SOURCE MATERIAL –
***

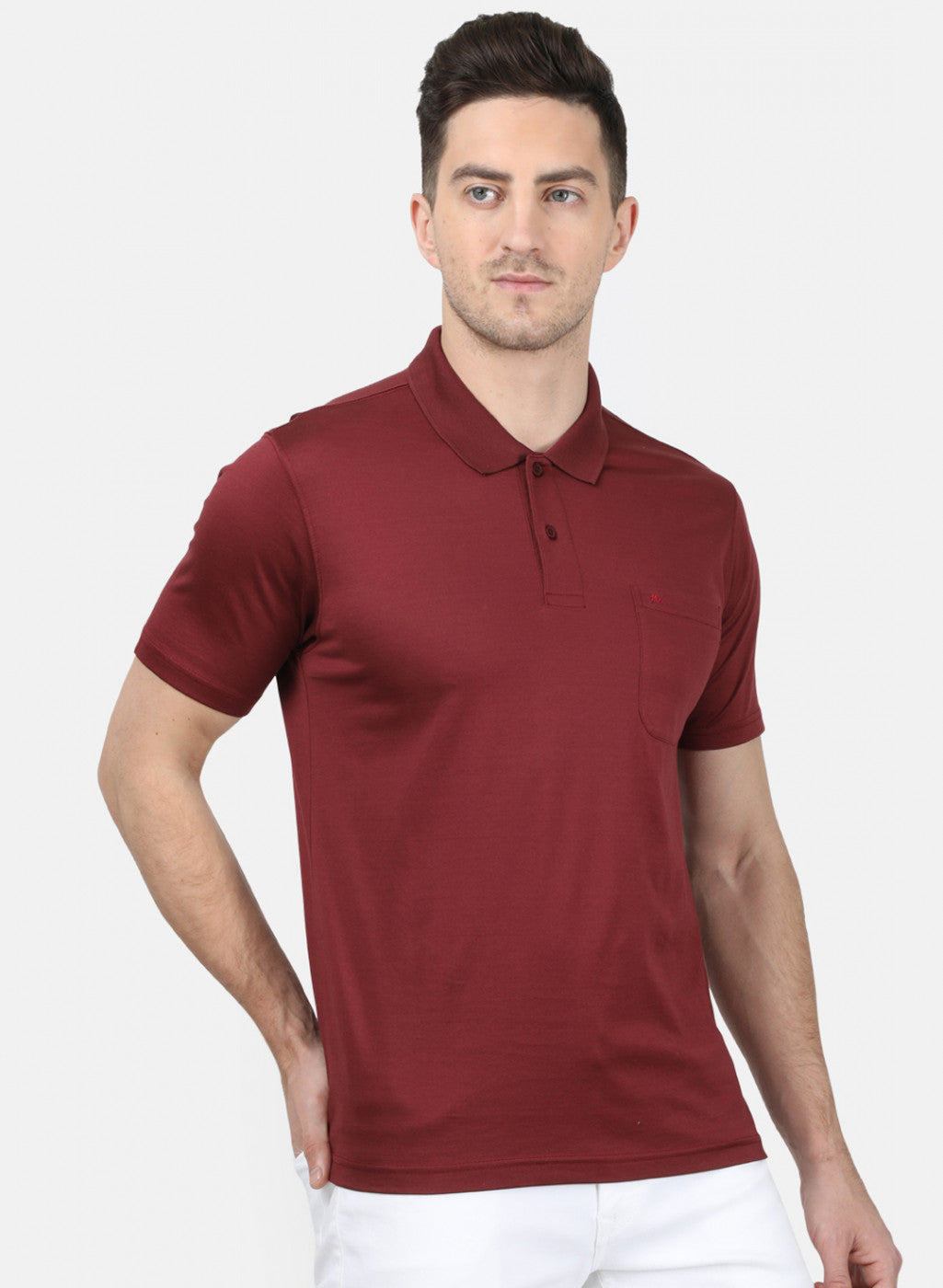Mens Maroon Plain T-Shirt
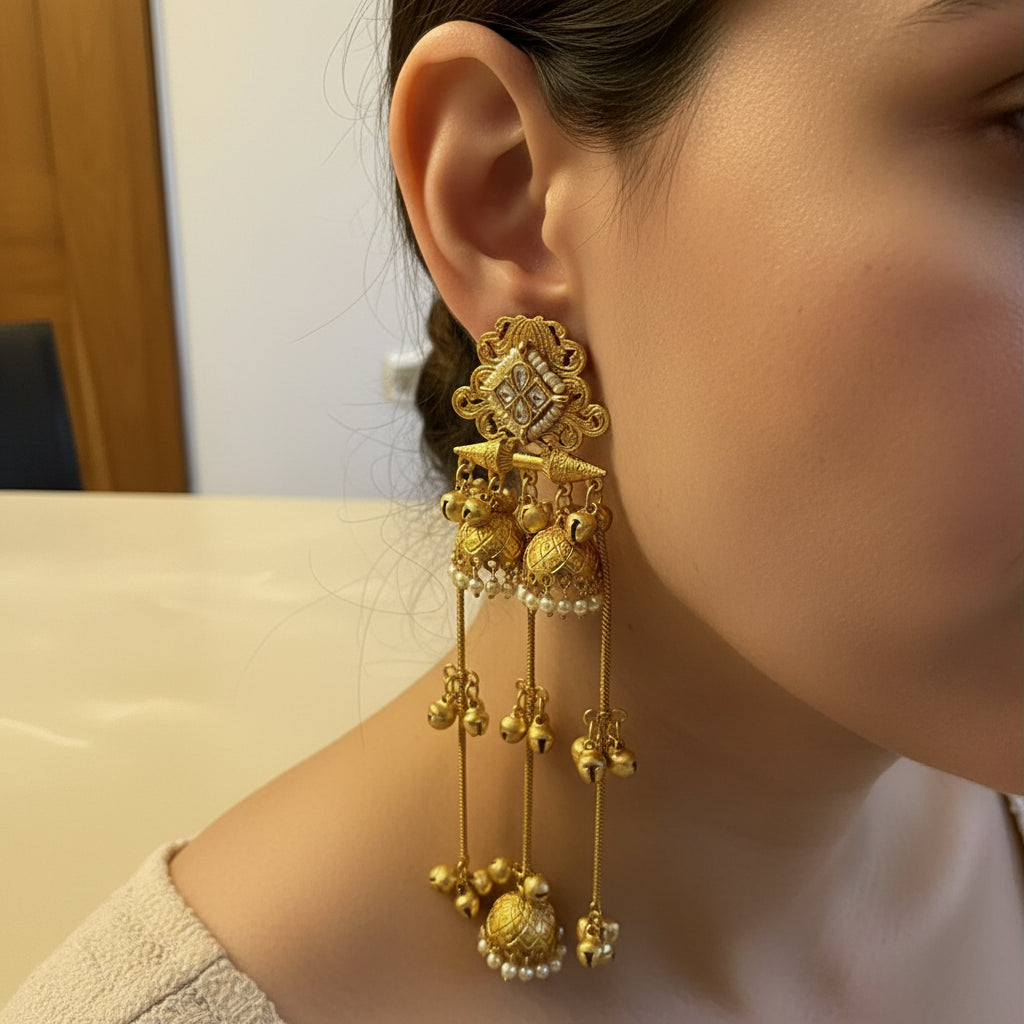 Gold Plated Kundan Jhumka Earrings with Pearl & Stone Embellishments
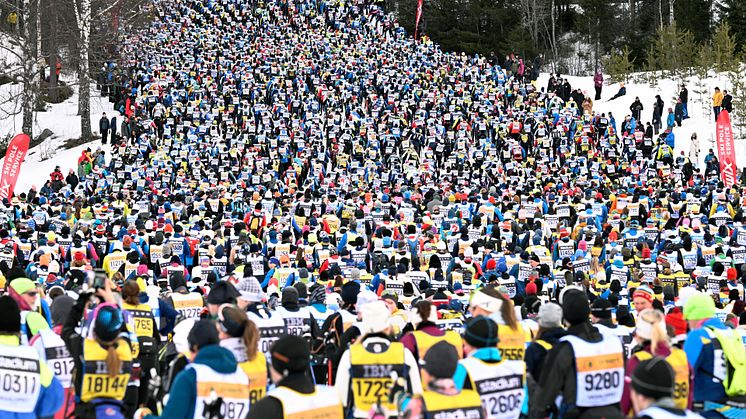 Vasaloppet 2023 första backen.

***

ASSIGNED TASK –
Where the material above includes pictures, omit them and retype everything else exactly.

REPLY –
Mens Maroon Plain T-Shirt
 Gold Plated Kundan Jhumka Earrings with Pearl & Stone Embellishments
 Vasaloppet 2023 första backen.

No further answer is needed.